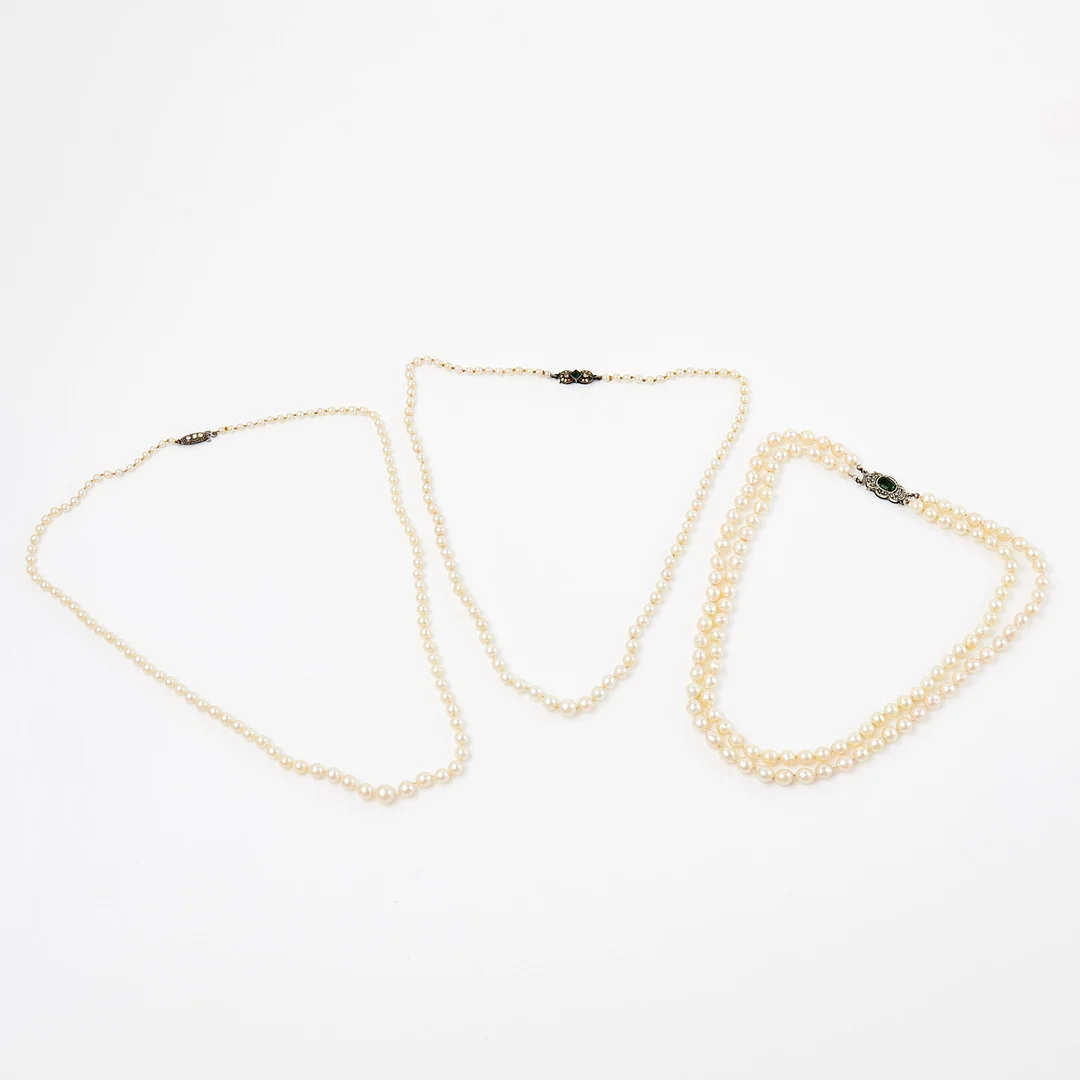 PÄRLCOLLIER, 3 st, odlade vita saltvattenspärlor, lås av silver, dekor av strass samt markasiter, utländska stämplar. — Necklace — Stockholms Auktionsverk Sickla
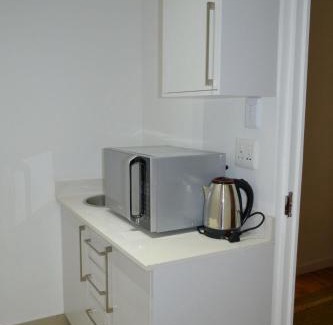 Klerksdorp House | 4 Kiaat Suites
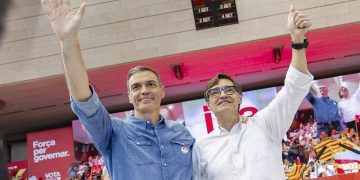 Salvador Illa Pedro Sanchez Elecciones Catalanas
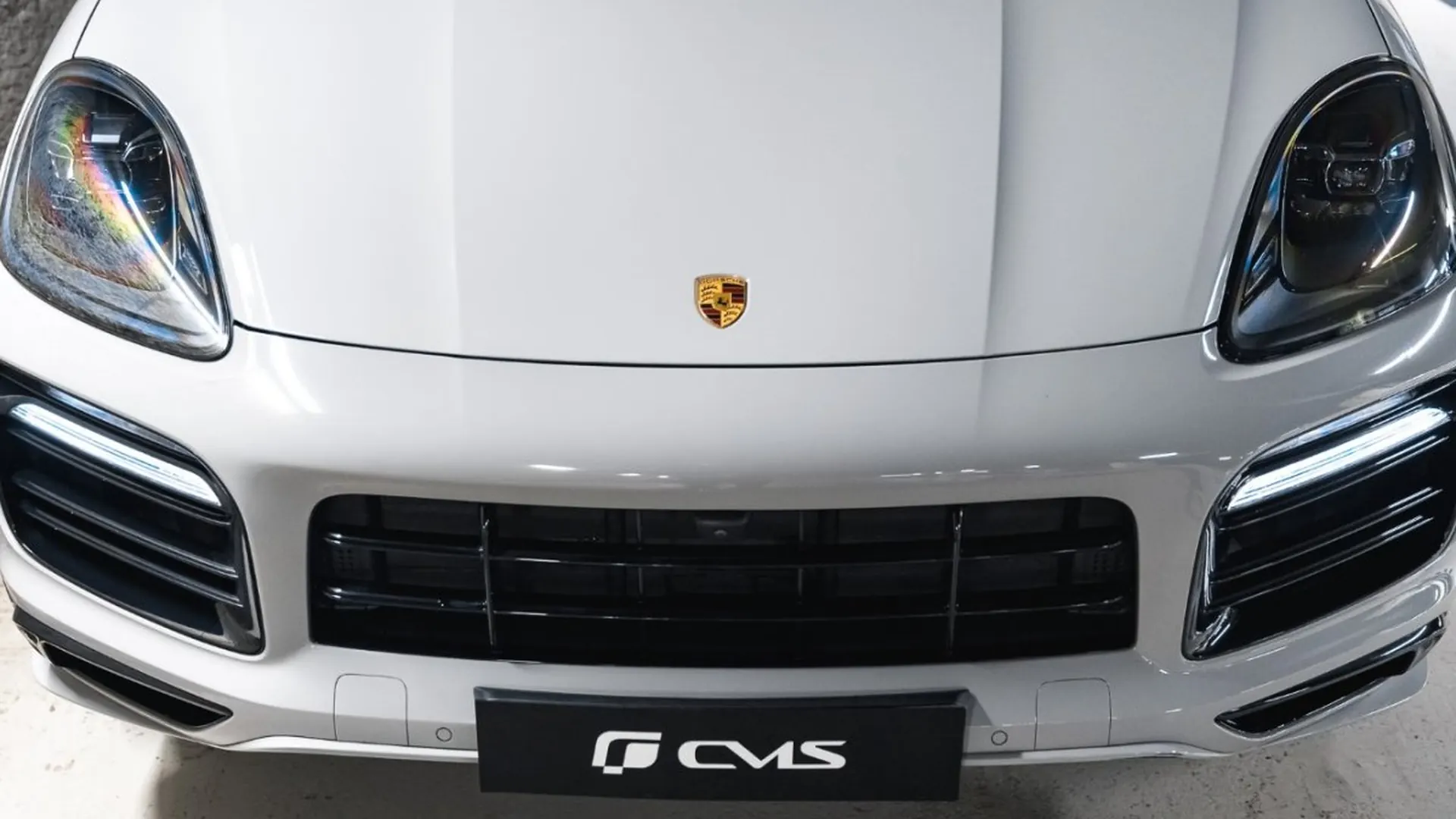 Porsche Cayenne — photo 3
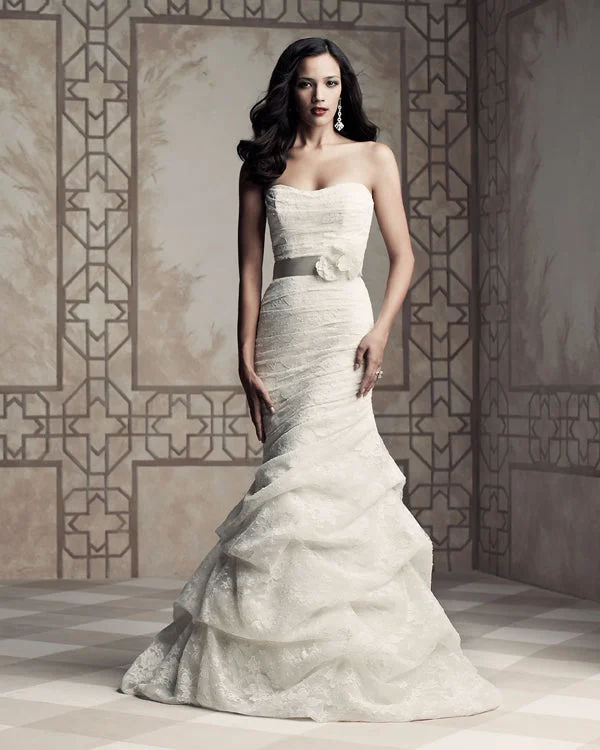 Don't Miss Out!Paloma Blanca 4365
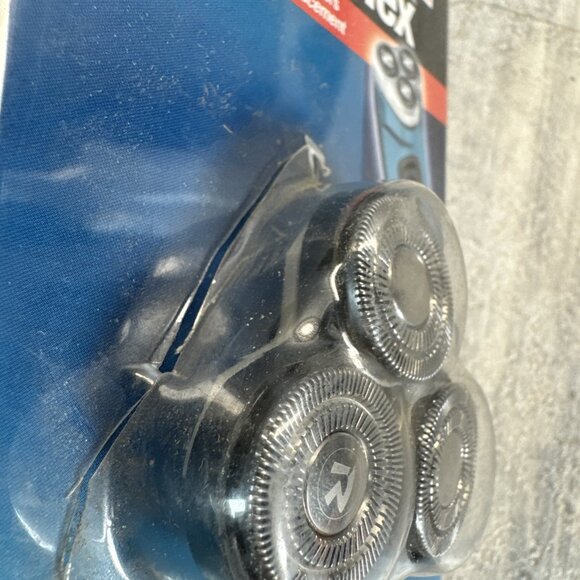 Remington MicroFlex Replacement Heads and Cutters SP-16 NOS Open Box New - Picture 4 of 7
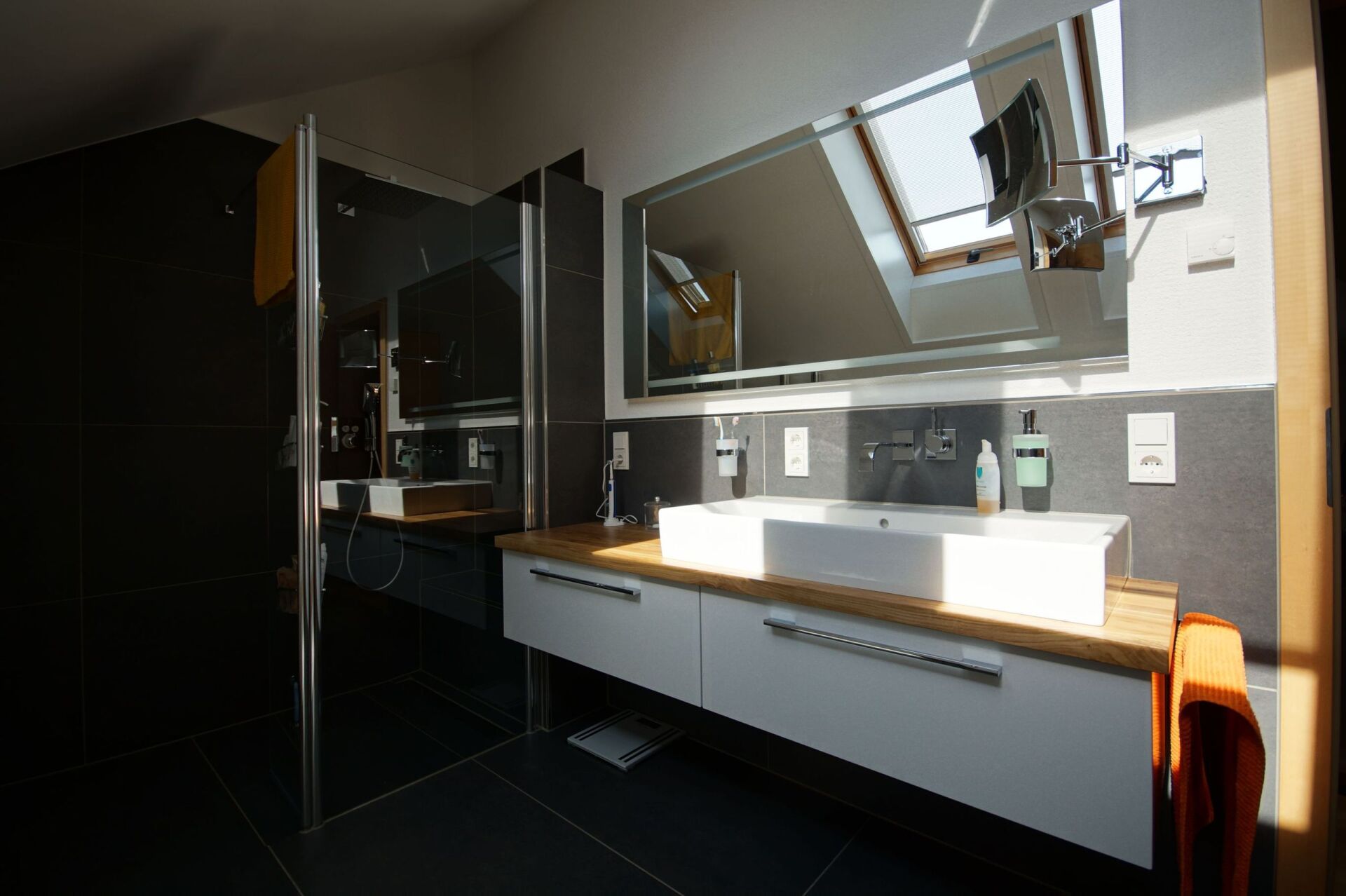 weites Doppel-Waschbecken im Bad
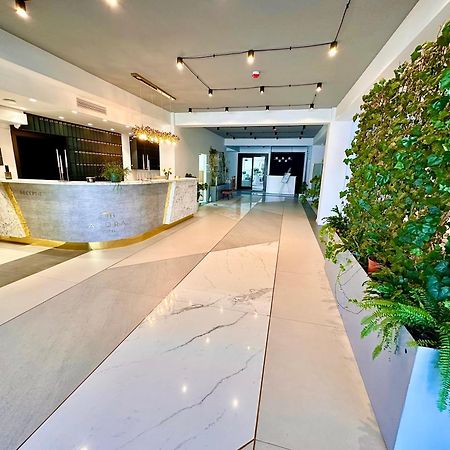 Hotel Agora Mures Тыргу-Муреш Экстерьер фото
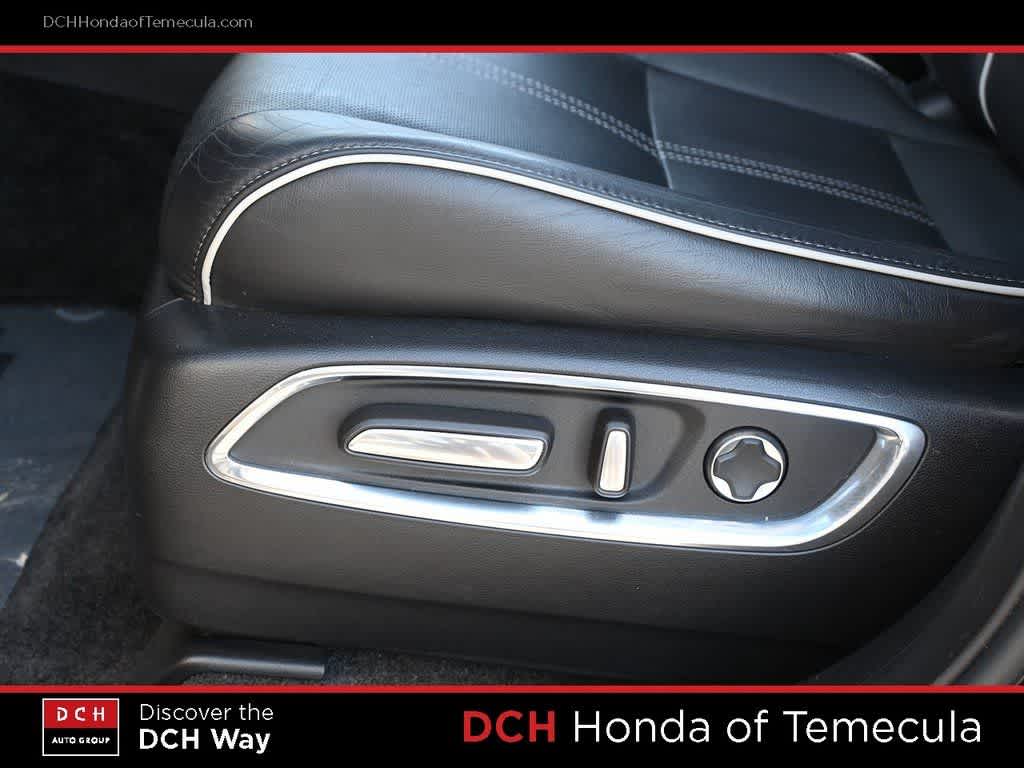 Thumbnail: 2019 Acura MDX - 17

(WORK ORDER)
Whenever a picture appears in the listing, leave it out; copy everything else exactly.

(ANSWER FOR THE TASK)
 PÄRLCOLLIER, 3 st, odlade vita saltvattenspärlor, lås av silver, dekor av strass samt markasiter, utländska stämplar. — Necklace — Stockholms Auktionsverk Sickla
 Klerksdorp House | 4 Kiaat Suites
 Salvador Illa Pedro Sanchez Elecciones Catalanas
 Porsche Cayenne — photo 3
 Don't Miss Out!Paloma Blanca 4365
 Remington MicroFlex Replacement Heads and Cutters SP-16 NOS Open Box New - Picture 4 of 7
 weites Doppel-Waschbecken im Bad
 Hotel Agora Mures Тыргу-Муреш Экстерьер фото
 Thumbnail: 2019 Acura MDX - 17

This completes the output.